From 2012 to 2014 I organized the Intelligent Systems Colloquium talk series in Tübingen
In general, I try to make software as available as is practical (sometimes the burdens of maintaining software in public outweighs the benifits). Below are some stuff that is currently available. If you know I have software which could be useful to you, but is not available here, just send me an e-mail and I'll do my best to help you out.
Most of the software used in our papers in articulated tracking / pose estimate / whatever-you-call-it is available at http://humim.org.
The software developed for the NIPS 2012 paper used for regression and dimensionality reduction using multiple metrics can be found at the project website.
Various Helper Functions
Cholesky-like decomposition of positive semidefinite matrices: when sampling from a Gaussian with covariance matrix S the best solution is generally to perform a Cholesky decomposition S = RTR and multiply isotropic Gaussian samples with R. Sadly, this fails if S is positive semidefinite, which is very often the case. The standard solution is to perform an eigen value decomposition of S, but that can be computationally quite demanding in high dimensions. I put together a simple function that solves this problem reasonably well by first trying a Cholesky decomposition and, if that fails, then a LDL decomposition.

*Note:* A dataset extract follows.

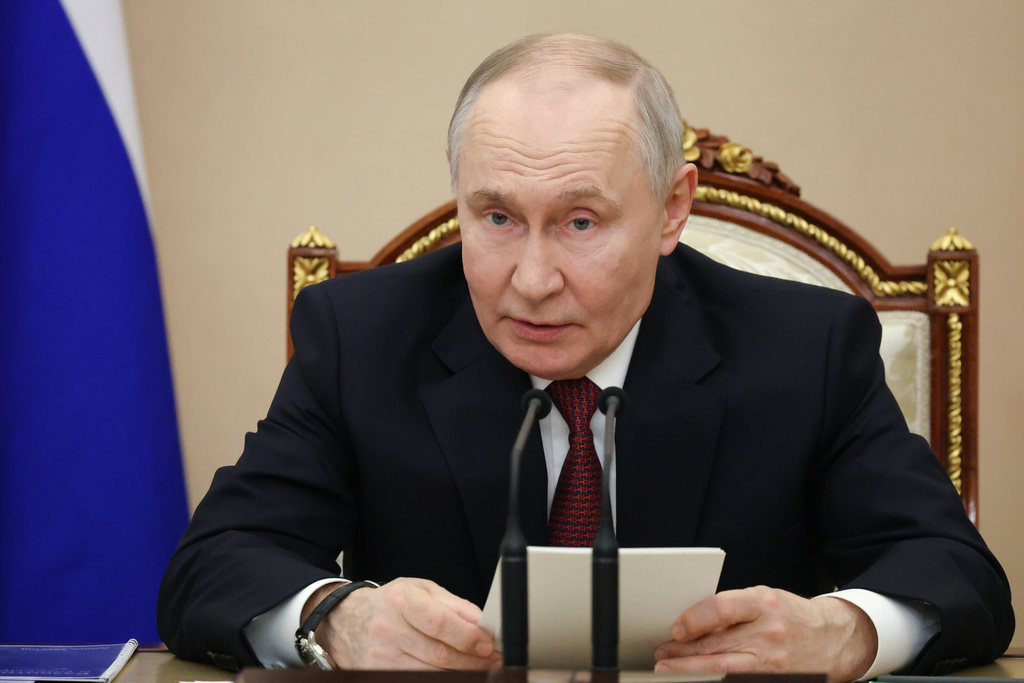Russian President Vladimir Putin speaks during a meeting on the development of domestic integrated electronics at the Kremlin in Moscow, Thursday, Jan. 22, 2026. (Vyacheslav Prokofyev/Sputnik, Kremlin Pool Photo via AP)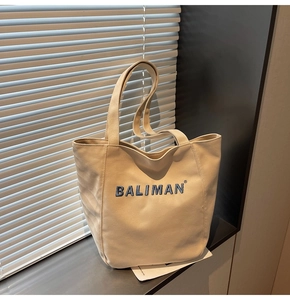 Detail of blue embroidered logo on a beige canvas tote bag with light and shadow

New Position at DTU Compute
I am no longer a post doc at the Max Planck Institute, so this web page is not updated any more. My current employement is at DTU Compute: new web site.
A Summary of Me
Model what you can; learn the rest. A simple statement that summarizes my approach to computer vision, machine learning and science in general. I believe that we should always try to incorporate as much known information in our models before learning unknown parameters -- even if that means we have to derive new models from scratch! In practice, my work is mostly concerned with (but not limited to) the following topics:
Statistics on manifolds;
Human motion, shape and recognition;
Time series analysis;
Monte Carlo techniques.
Most naturally occuring phenomena are complex enough to necessitate machine learning as an integral part of building models of said phenomena. However, with machine learning comes a need for large amounts of data, which may be hard to acquire, e.g. due to price and time constraints or simply because the phenomenon is rare in nature. In such cases we rely on expert knowledge to guide the learning scheme. Sadly, our tools for incorporating such knowledge are not very strong: we often resort to add hoc regularization techniques or seek indirect sources of information such as data labels.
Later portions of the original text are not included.